Enclosure (Large), Cartron, Co. Westmeath
Co. Westmeath |
Enclosures
A large oval enclosure sits in reclaimed grassland near Cartron in County Westmeath, about 170 metres south-east of the Royal Canal, and it managed to escape the attention of Ordnance Survey mapmakers on two separate occasions, appearing on neither the 1837 six-inch edition nor the revised 25-inch edition of 1913.
That absence from the historical record is itself a quiet puzzle, given that the monument is substantial enough to measure roughly 90 metres along its north-west to south-east axis and approximately 68 metres across.

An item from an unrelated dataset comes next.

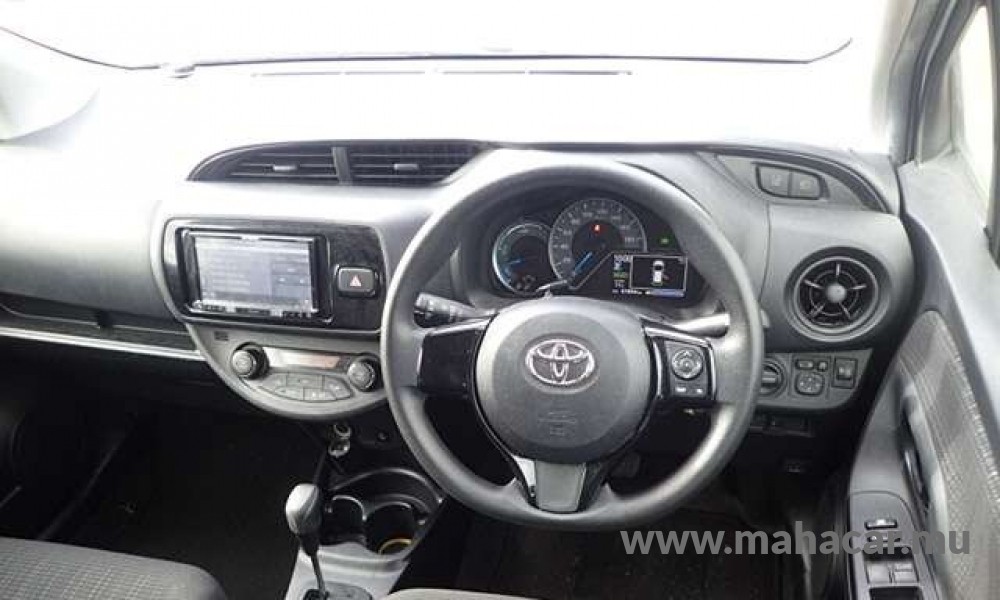 2019 Toyota VITZ HYBRID F photo 10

The enclosure only entered the archaeological record in 1973, when aerial photography revealed not just the oval outline but a surprisingly organised interior. Within the enclosure, surveyors identified seven distinct earthworks: three roughly square-shaped mounds arranged closely together and slightly off-centre towards the south-east, and four oblong, roughly rectangular mounds positioned towards the south-west, north-west, north, and east. The combination of an enclosing boundary with internal mounded features is a pattern seen across Irish prehistory and the early medieval period, where enclosures could serve purposes ranging from settlement and farming to ritual or funerary use. Without excavation, the function of this particular example remains open. What the aerial photograph does confirm is that the earthworks are not random; their arrangement suggests deliberate planning. The site is still visible on modern satellite imagery, which is how it continues to be studied in the absence of ground investigation.